Well-informed sources told Business Recorder that Commerce Ministry wanted the Cabinet Committee on Privatisation (CCoP) to defer the decision until a one-and-one meeting is held between the Commerce Advisor and Finance Advisor, however, the former's request was not entertained.

Official documents seen by this newspaper reveal that Ministry of Privatization noted that pursuant to the Cabinet Committee on Privatization (CCoP) on 8 August 2019 and Privatization Commission (PC) Board on August 26, 2019, PC appointed Next Capital Limited (Consultant to the issue), Habib Bank Limited (Book Runner) and Haidermota & Co. (legal sub-contractor) as Financial Advisors for the divestment of up to 20 per cent shares of PRCL held by the Government of Pakistan.

PC Board in its meeting held on August 26, 2019 discussed that "PakRe is listed and PC intends to divest its shares for enhancing private sector participation in the issuance sector." It was also added that the strategic stake of the government (directly/indirectly) would not be affected, during the process.

The sources said, the Government of Pakistan currently holds approximately 73 per cent (directly or indirectly) shareholding through ;(i) Ministry of Commerce-44.88 per cent (direct shareholding) ;(ii) State Life Insurance Corporation (SLIC) - 24.41 per cent ;(iii) National Bank of Pakistan - 3.93 per cent; (iv) Whereas, PRCL employees' empowerment holds 6.12 per cent shares. The proposed divestment would effectively result in a reduction of overall GoP shareholding (direct and indirect) in PRCL to approximately 53 per cent with shareholding by Ministry of Commerce reduced to 24.88 per cent. Moreover, the proposed divestment may result in loss of a board seat given a sizeable shareholding would be offloaded into the market.

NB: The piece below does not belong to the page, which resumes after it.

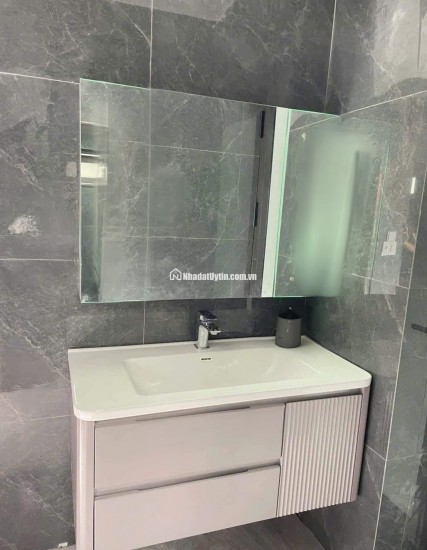 Nhà tôi cho thuê nhà hai cửa đi, mới,vỉa hè, 112m2- 4T, Đào Tấn_45 Tr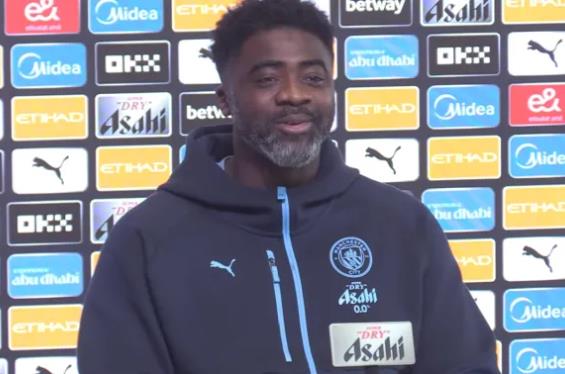 Họp báo thay Pep Guardiola Kolo Toure ca ngợi Arsenal. Hop bao thay Pep Guardiola Kolo Toure ca ngoi Arsenal.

Ministry of Privatisation further noted that the draft transaction structure, as presented by the Financial Advisors, was deliberated by the PC Board in its meeting held on July 22, 2020, which recommended the following transaction structure for consideration of the CCoP ;(i) Secondary Public Offering at the Pakistan Stock Exchange to institutional, high net worth individuals and retail investors via publication of offer for sale document ;(ii) divestment size: 20% (60,000,000 ordinary shares) ;(iii) price determination: 100% Book Building Method ;(iv) after price discovery through book building method, 75 per cent shares will be allocated to institutional investors and high net worth individuals, while the remaining 25 per cent will be offered to retail investors and ;(v) retail investors will have the option to participate in the remaining 25 per cent portion, however, if any portion offered to retail investors remains undersubscribed, it will be taken up by institutional investors and high net worth individuals, who were declared as successful bidders in the book building.

During the ensuring discussion, it was pointed out that after completion of transaction the shareholding of the GoP (direct+ indirect) will reduce from 44.88 per cent to 24.88 per cent which might affect the ownership/control of the GoP.

It was also requested by Additional Secretary, Ministry of Commerce that the Advisor to the Prime Minister on Commerce and Investment has requested to defer the agenda item, and he would like to meet Minister for Privatisation on this issue.

The CCoP approved, in principle, the proposal with the direction to Privatization Division to hold a meeting with Commerce Division on the issue, if any and submit a report thereof to the CCoP for consideration in its next meeting.

CCoP also directed that SECP's recommendations in this regard may be followed without jeopardizing the sanctity of the process.

The official spokesperson for Commerce Ministry did not respond to the questions sent by the newspaper for two consecutive days.

However, a spokesperson for Privatisation Commission told this newspaper that neither Commerce Division Additional Secretary nor Commerce Advisor met with the PC authorities for further discussion on this transaction.

"The minutes of CCoP have been ratified by the federal cabinet. Commerce Advisor was also present in the meeting. He did not offer any comments at the time of cabinet approval," the spokesperson added.